I’m a Republican, and I cried while watching a retrospective about Obama’s presidency the other day. No, these were not the tears of joy I expected to have upon the exit of this Administration. These were real, sudden, sorrowful tears.
Obama had won me over.
I never expected it. After graduating college, I got my dream job at a conservative magazine writing snarky blog posts about the hope-and-change candidate. I attended the 2008 Republican National Convention, where I experienced the elation—and rapidly, the devastation—of my party nominating a woman on the ticket for the first time.
On Election Day, despite serious reservations about Sarah Palin’s qualifications, I reluctantly voted the party line before party hopping around D.C., posing with cardboard cutouts of the candidates and hoping to meet up with a friend who eventually became my husband.
We didn’t meet up until a few months later, but the night did change my career and my life.
“Perhaps the best thing President Obama can do for the economy, then, is to buy his wife some new clothes and watch American women clamor to copy her style and help declining retail sales,” I wrote in January 2009 when covering the inauguration and the First Lady’s fashion prowess and D.C.’s rebirth as a “cool” city.
I did not know just how great Obama would be for the economy, for the growth of the Nation’s Capital, for freedom—and for me, in very personal ways.
Healthcare was one issue that did it for me. Obamacare could literally save my life.
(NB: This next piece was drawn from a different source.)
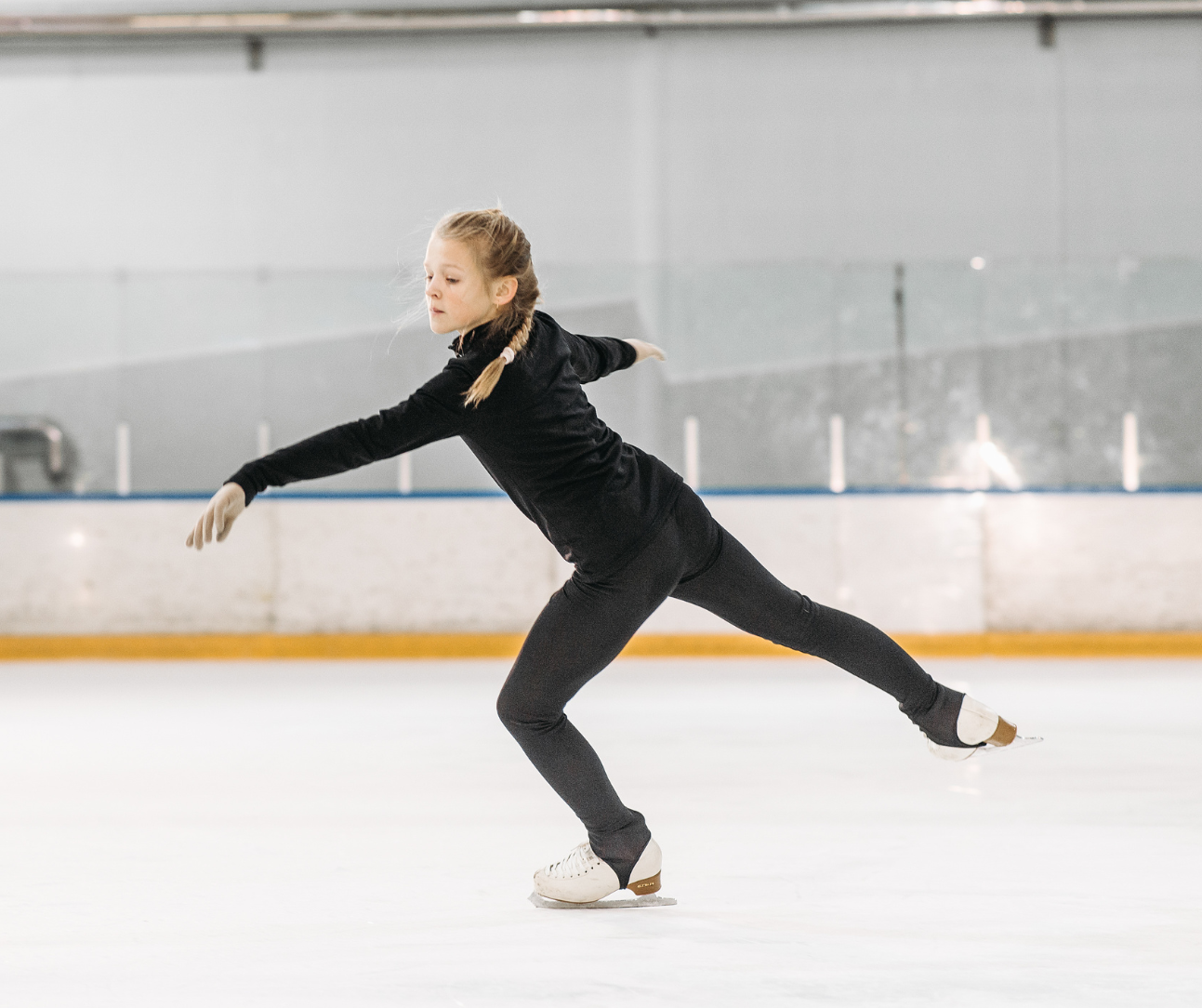 Learn-To-Figure-Skate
Around the time the Affordable Care Act passed, I learned I have the BRCA-2 gene mutation, which means I have a 45 percent chance of developing breast cancer and 17 percent chance of developing ovarian cancer by age 70, compared to 12 percent and 1.3 percent, respectively, for the average woman.
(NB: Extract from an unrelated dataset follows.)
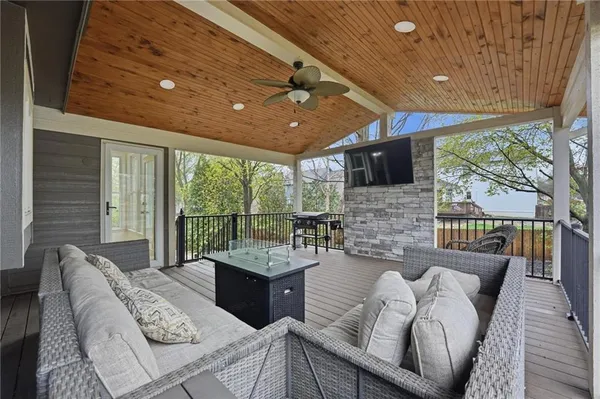$585,000 | 12402 Mastin Street, Overland Park, KS 66213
Before Obamacare, I wouldn’t even publish that sentence for fear of being dropped by my insurance company. Today, I can’t be denied coverage because of my BRCA status or any future cancer diagnosis—and the law requires insurers to cover genetic tests for BRCA gene mutations as preventative care, so other women can access lifesaving screening, too.
Suddenly, I’m afraid those with preexisting conditions may have their care put at risk. I can’t imagine the fear of those who don’t have other options for healthcare, and especially women who rely on Planned Parenthood for breast cancer screening, among many, many other services, now that the organization is under attack.
I also can’t imagine what undocumented immigrants, minorities, and the LGBTQ community, to name a few, feel when they hear rhetoric from President-Elect Trump and his supporters. A new era is coming, and I don’t feel good about it.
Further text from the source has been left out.